▶ [Aim of the exercise] Your copy of the listing should be exact and should contain no pictures.

▶ [Exercise data]
· · · ·

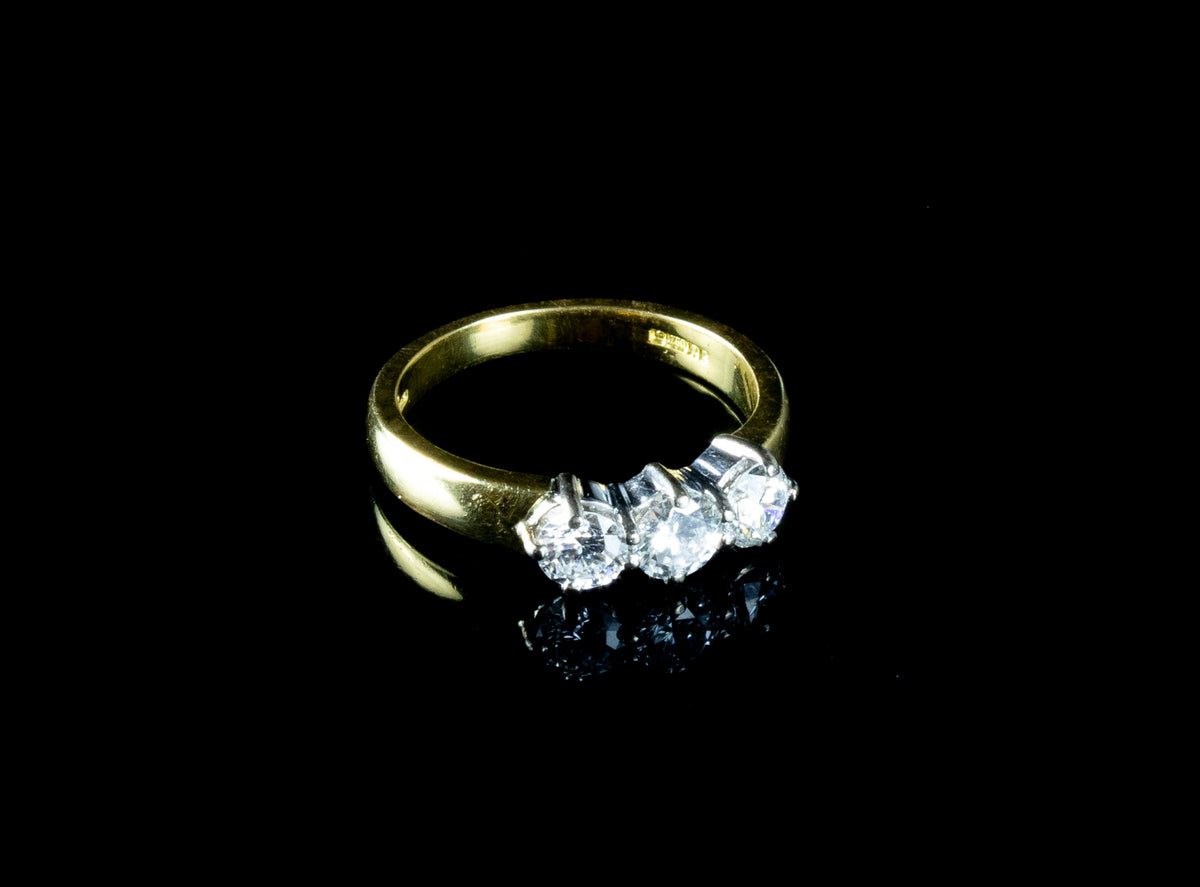 18ct Gold Three Stone Brilliant Cut 0.90ct Diamond Ring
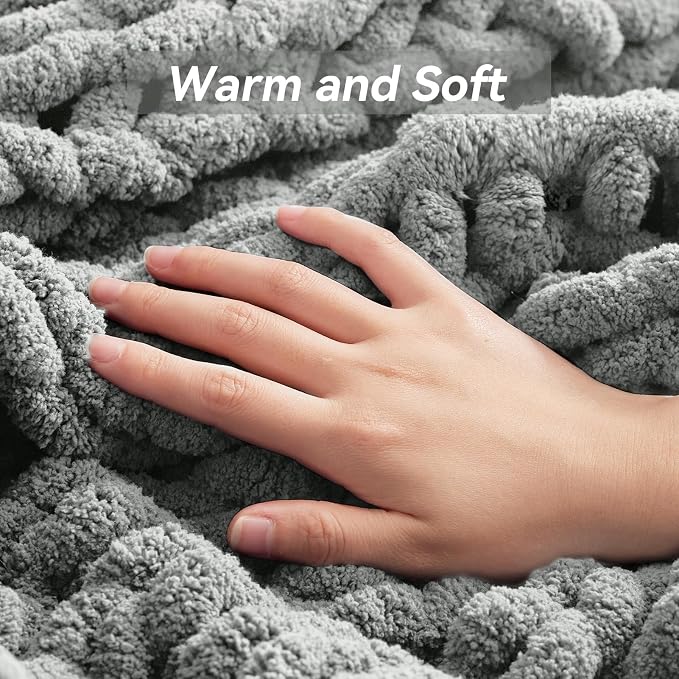 Negwoo Chunky Knit Throw Blanket, 40''*50'' Knitted Throw Chenille Yarn for Bed Couch, Handmade Light Grey Crochet Big Thick Blanket, Machine Washable Cute Comfy Blanket for Home Decor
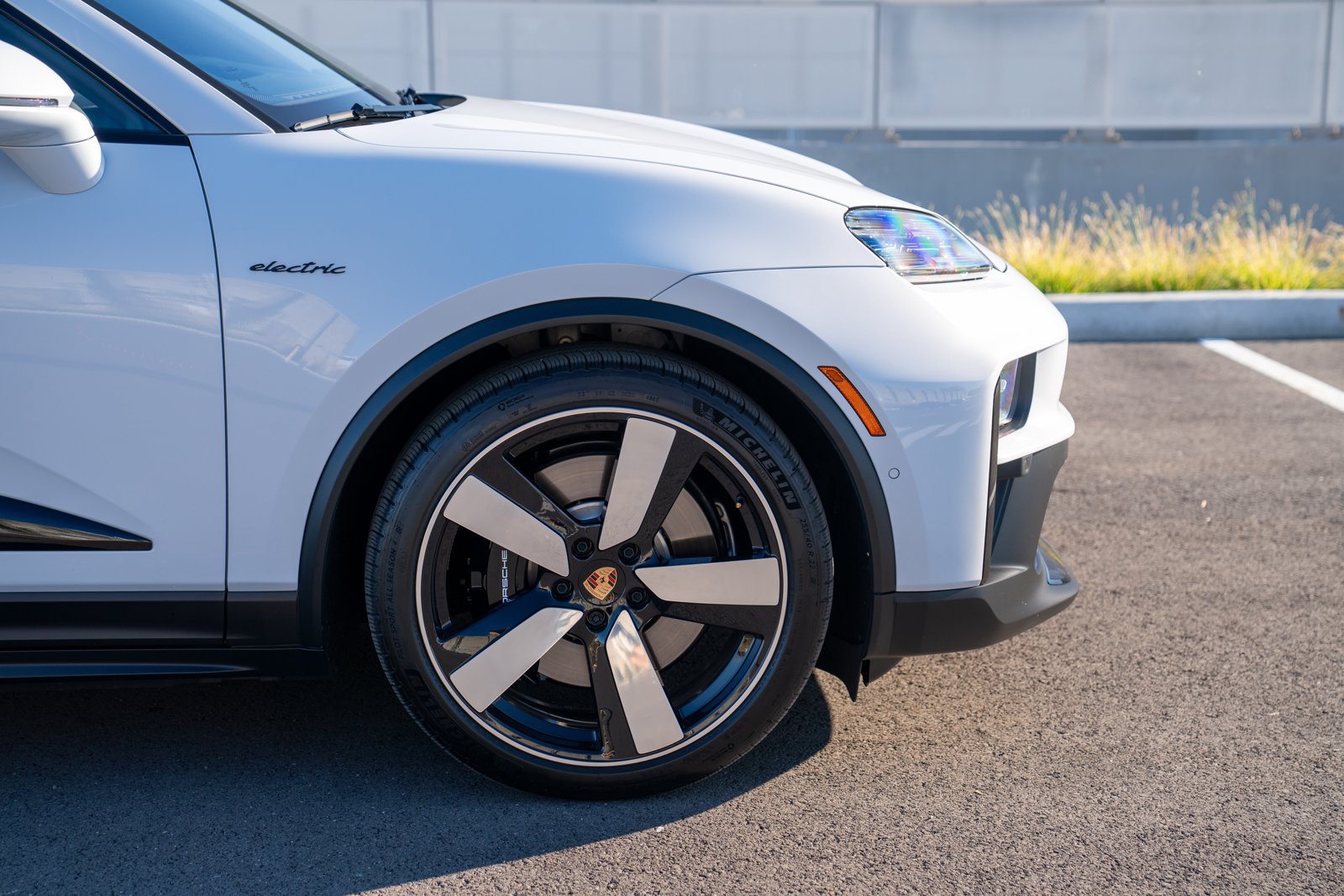 Certified 2026 Porsche Macan GTS Electric AWD/4WD image 9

· · · ·

▶ [Written answer]
 18ct Gold Three Stone Brilliant Cut 0.90ct Diamond Ring
 Negwoo Chunky Knit Throw Blanket, 40''*50'' Knitted Throw Chenille Yarn for Bed Couch, Handmade Light Grey Crochet Big Thick Blanket, Machine Washable Cute Comfy Blanket for Home Decor
 Certified 2026 Porsche Macan GTS Electric AWD/4WD image 9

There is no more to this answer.